Au sein du catalogue d'exposition 'Drawn by the brush : Oil sketches by Peter Paul Rubens' (2005), Nicola van Hout sépare la série des esquisses préparatoires à la Vie de Constantin en deux parties : une première constituée de scènes de bataille enlevées avec de multiples figures (6), et une seconde réalisée sur des panneaux de plus petites dimensions et présentant moins de souplesse et d'invention (7). Il classe l'esquisse de 'La Mort de Constantin' dans la seconde catégorie qu'il considère comme étant vraisemblablement un travail d'atelier. A sa suite, David Jaffé remet en cause l'authenticité de notre esquisse ainsi que de celles appartenant au second groupe. Dans ce groupe figure également 'Le Labarum', de dimensions proches de notre panneau (35,50 x 27,50 cm) et portant la même marque du pannelier Michiel Vrient. Cette esquisse du Labarum s'est vendue chez Sotheby's à New York le 31 janvier 2013 pour 902.500 $ (lot 26). Reconnues comme authentiques par le Rubenianum, ces esquisses figurent dans de nombreuses publications, y compris dans le tome du Corpus consacré à cette suite de tapisseries et publié en 2011 (voir bibliographie ci-dessus).

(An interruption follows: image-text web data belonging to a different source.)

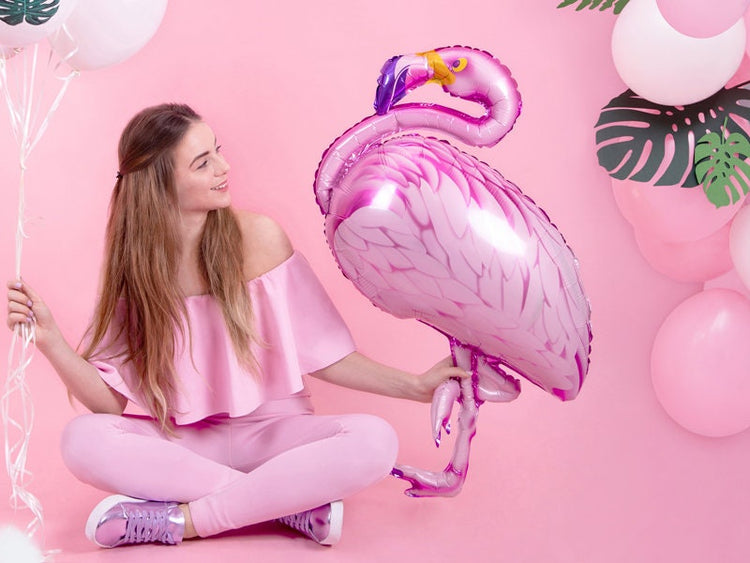 Large Flamingo Mylar Balloon, 37" Flamingo Foil Balloon That Can Be Inflated With or Without Helium - Cohasset Party Supply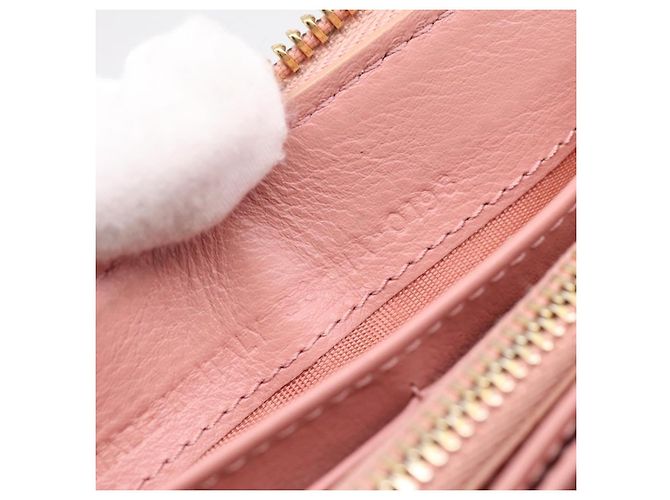 Cartera larga Christian Dior Lady Dior de piel charol Rosa Auth BA15236V - vista 11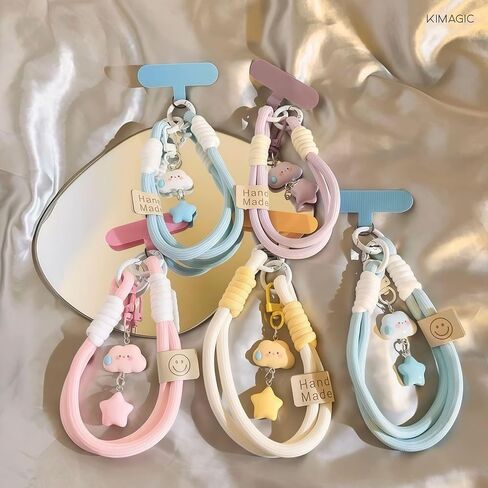 KIMAGIC Dopamine Minimalist Wrist Strap Phone Lanyard, Anti-Drop, Includes 2 Types of Phone Tabs (Clear & Matching Nylon) in Kuwait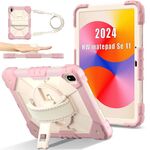Per Huawei MatePad SE 11 2024 Custodia per tablet PC ibrida in silicone con robot a contrasto di colore (oro rosa beige)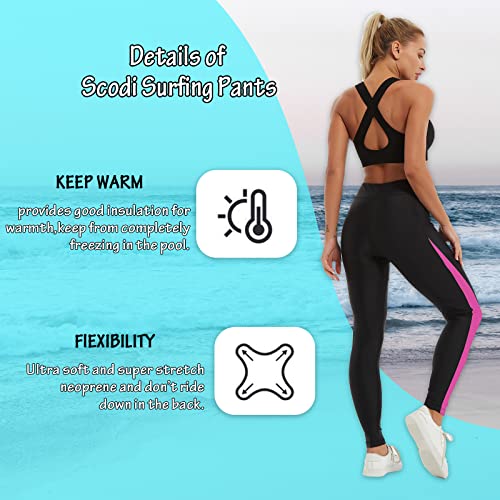 Scodi Swim Pants For Women Surf Leggings High Waisted Water Swimming Tights Long Uv Rashguard Pink #TOP2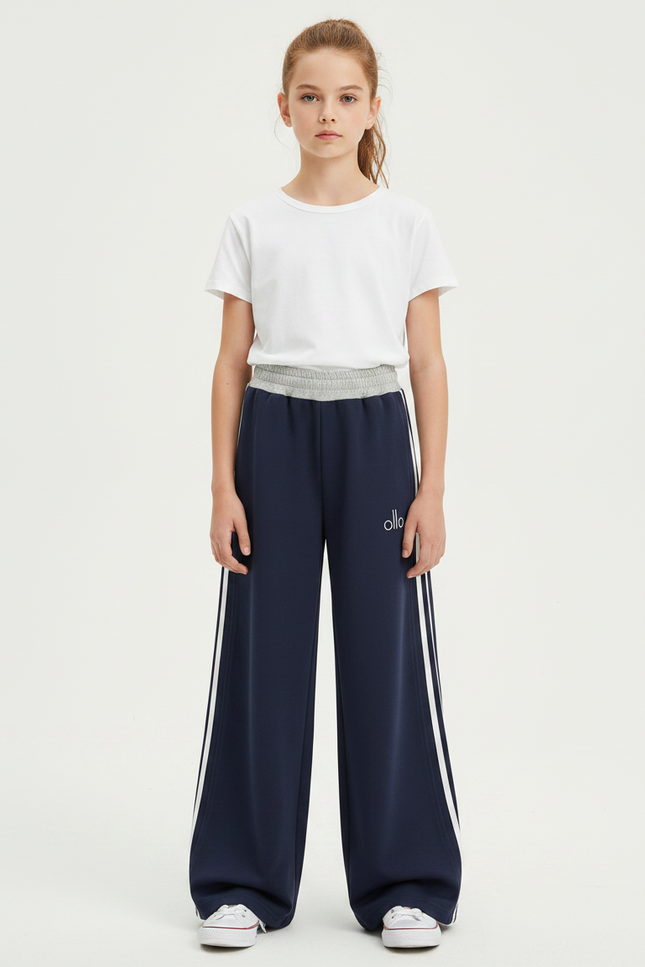 Pantalon Fluide Bleu Marine Ample Rayures Blanches Fille - Molleton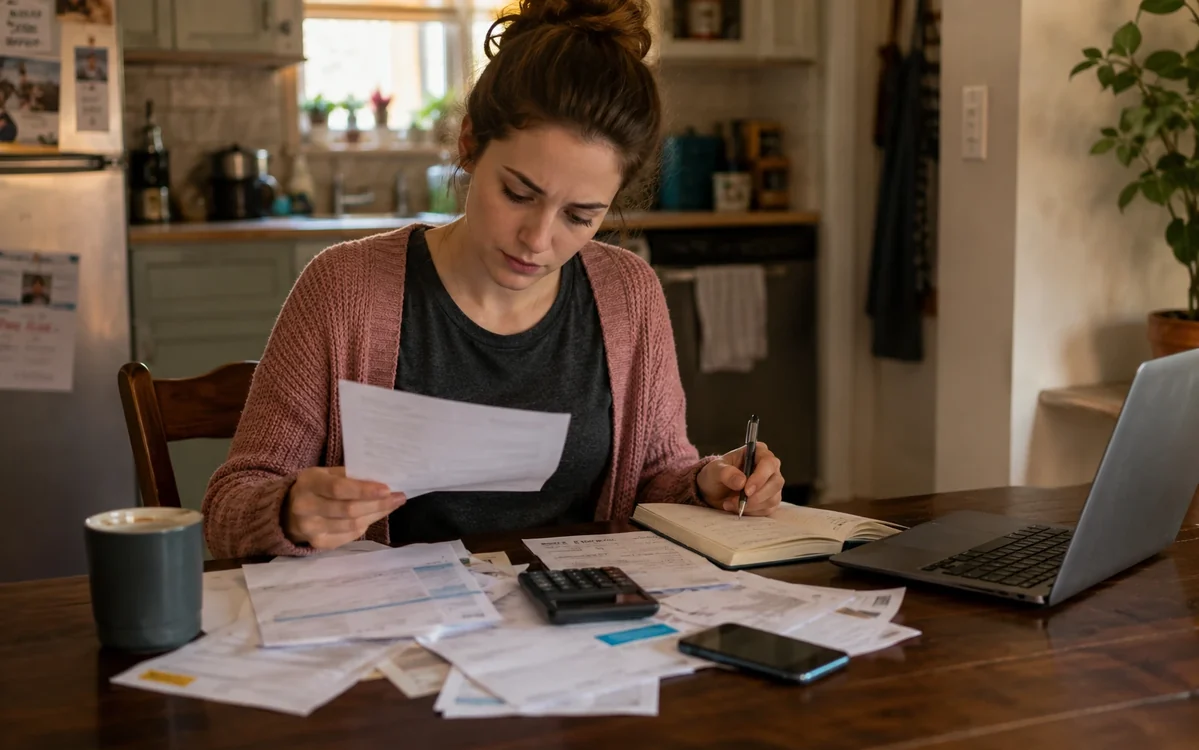 Kitchen table with a laptop, notebook, phone, coffee, and household bills ready for a monthly bill review
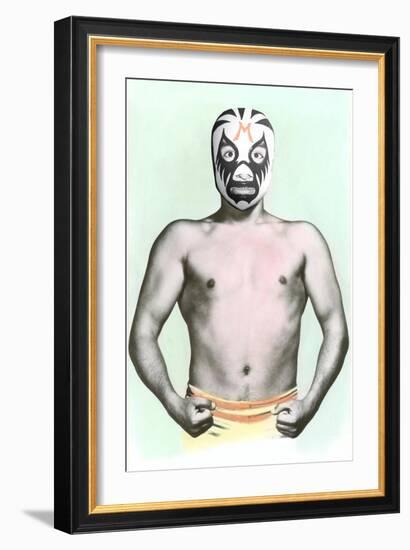 Mexican Wrestler in Mask-null-Framed Art Print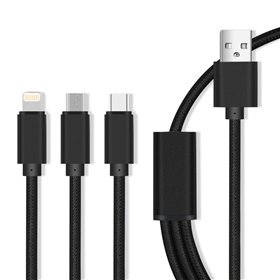 Cabo Usb-A 2.0 / Micro Usb-B Iphone 8P Usb-C Preto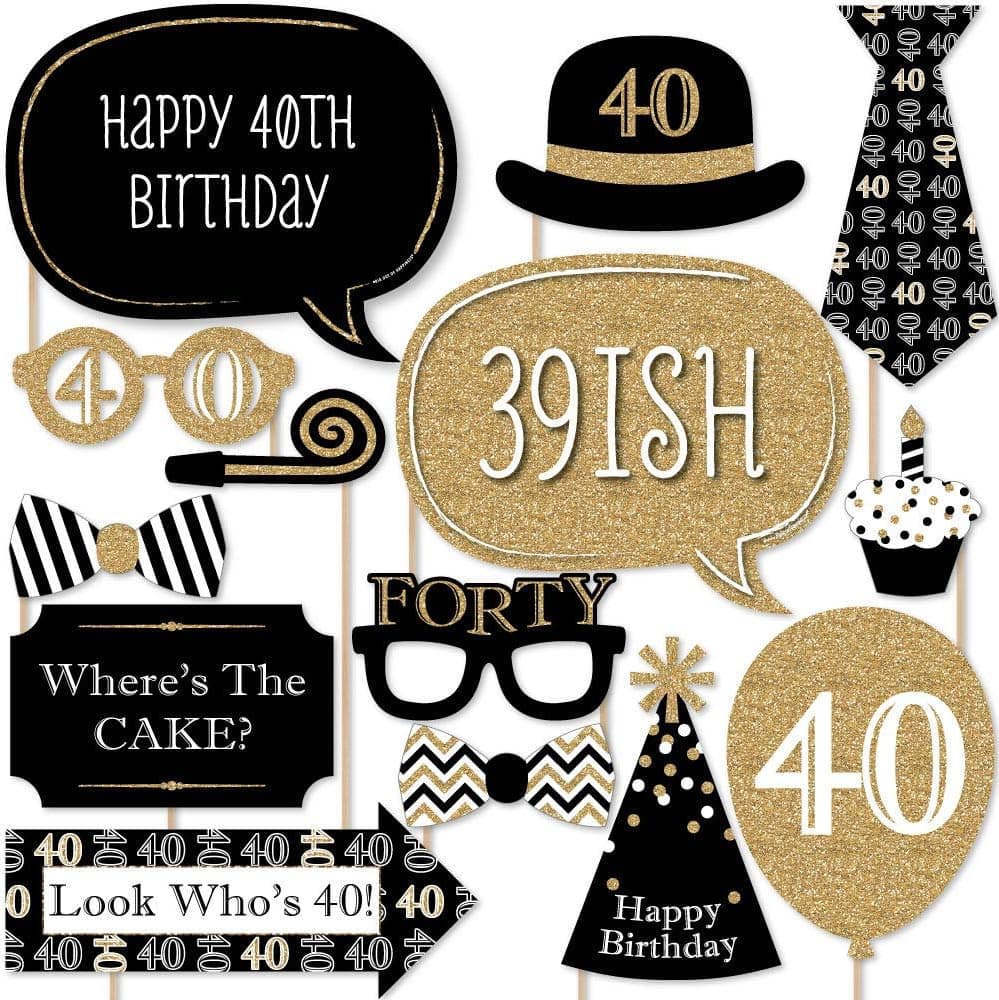 Adult 40th Birthday - Gold - Birthday Party Photo Booth Props Kit - 20 Count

[1] Koenraad Brosens, "Who commissioned Rubens's Constantine series ? A new perspective : the entrepreneurial strategy of Marc Comans and François de la Planche", in Simiolus. Netherlands quarterly for the history of art, vol. 33, 2007/2008, n° 3, p. 166-182
2. Cet ensemble est aujourd'hui conservé au Philadelphia Museum of Arts.
3. Une esquisse se trouve en effet au Mauritshuis à La Haye.
4. Voir Julius Samuel Held, 'The oil sketches of Peter Paul Rubens', Princeton, 1980, t. I, p. 84
5. Huile sur toile, 148 x 198 cm. Le tableau est aujourd'hui conservé à l'Institute of Arts de Minneapolis. Voir 'La Mort de Germanicus' de Poussin au Musée de Minneapolis, Paris, Musée du Louvre, 1973, p.10
6. Premier groupe : 'Les Mariages de Constantin et de Fausta et de Constance avec Lucinius', 'L'apparition du monogramme du Christ', 'La bataille du pont Milvius et la mort de Maxence', 'L'entrée triomphale de Constantin dans Rome', 'Le baptême de Constantin et La Rome triomphante' (Held, 1980, n° 39, 40, 42, 43, 45, 47 et 51)
7. Second groupe : 'Le Labarum', 'Le Trophée', 'Constantin confie à Crispus le commandement de la flotte', 'Constantin adorant la Vraie Croix', 'La Fondation de Constantinople' et 'La Mort de Constantin' (Held, 1980, n° 41, 44, 46, 48, 49, and 50).

Un certificat du Art Loss Register en date du 3 avril 2013 est disponible sur demande.